- SR 295 highlighted in red

Route information
- Maintained by TDOT
- Length: 5.0 mi (8.0 km)
- Existed: July 1, 1983–present

Major junctions
- West end: SR 111 in Byrdstown
- East end: US 127 northwest of Pall Mall

Location
- Country: United States
- State: Tennessee
- Counties: Pickett

Highway system
- Tennessee State Routes; Interstate; US; State;
| ← SR 294 |  | → SR 296 |

= Tennessee State Route 295 =

State highway in Tennessee, United States

State Route 295 (SR 295) is a 5.0 mi state highway in Pickett County, Tennessee, connecting SR 111 in Byrdstown to US 127/SR 28 near Pall Mall. For the majority of its length, SR 295 is known as Parker Road.

==Route description==

SR 295 begins in Byrdstown at an intersection with SR 111 north of downtown. It goes southeast for approximately 300 ft as North Main Street before turning east along Parker Road; North Main Street continues south into downtown.
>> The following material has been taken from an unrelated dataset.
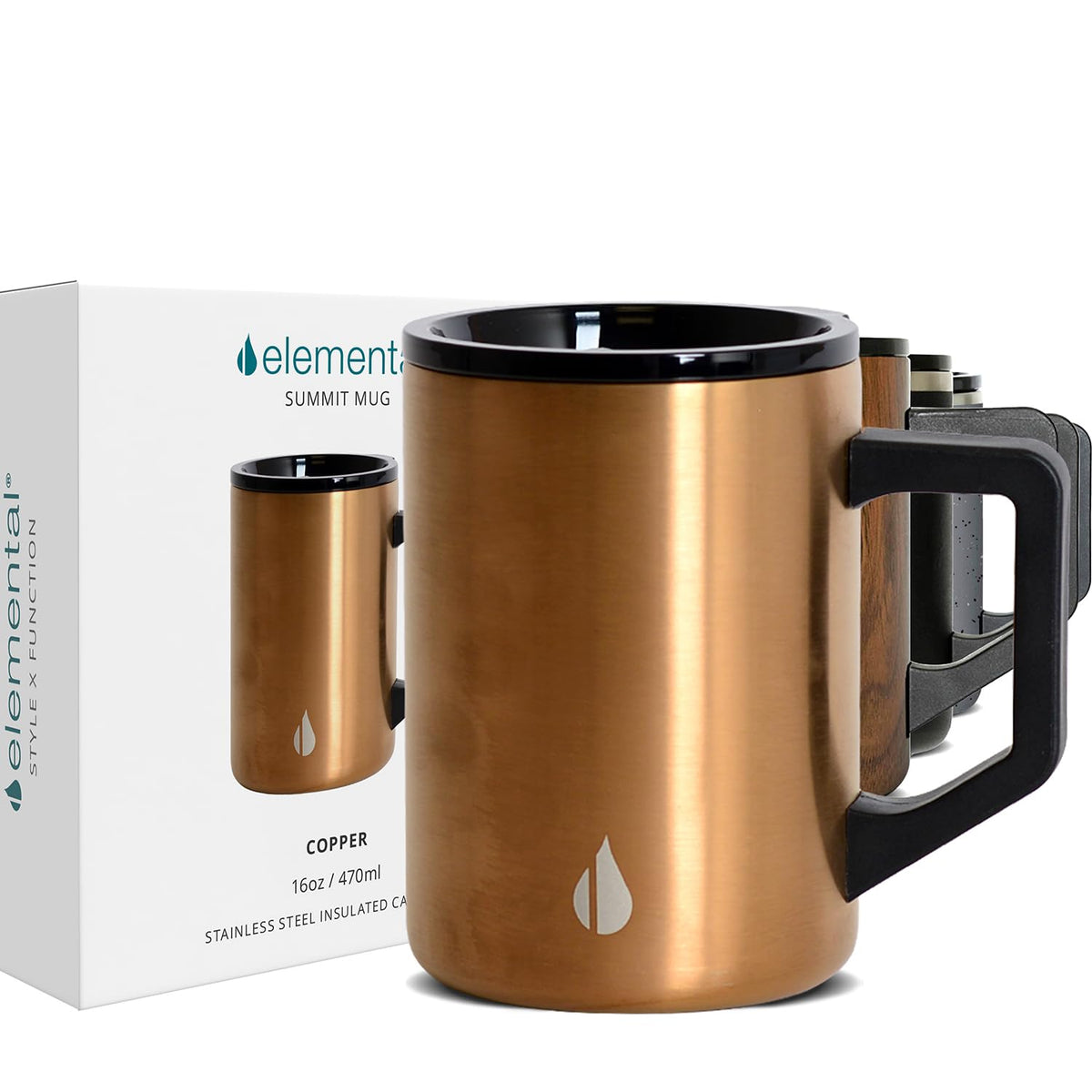Elemental Summit mug with copper lid keeps beverages hot or cold for hours.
The highway then leaves Byrdstown and winds its way east through slightly rugged terrain to cross a bridge over the Wolf River before continuing east through farmland and passing through the Asbury community. SR 295 then comes to an end shortly thereafter at an intersection with US 127/SR 28 northwest of Pall Mall.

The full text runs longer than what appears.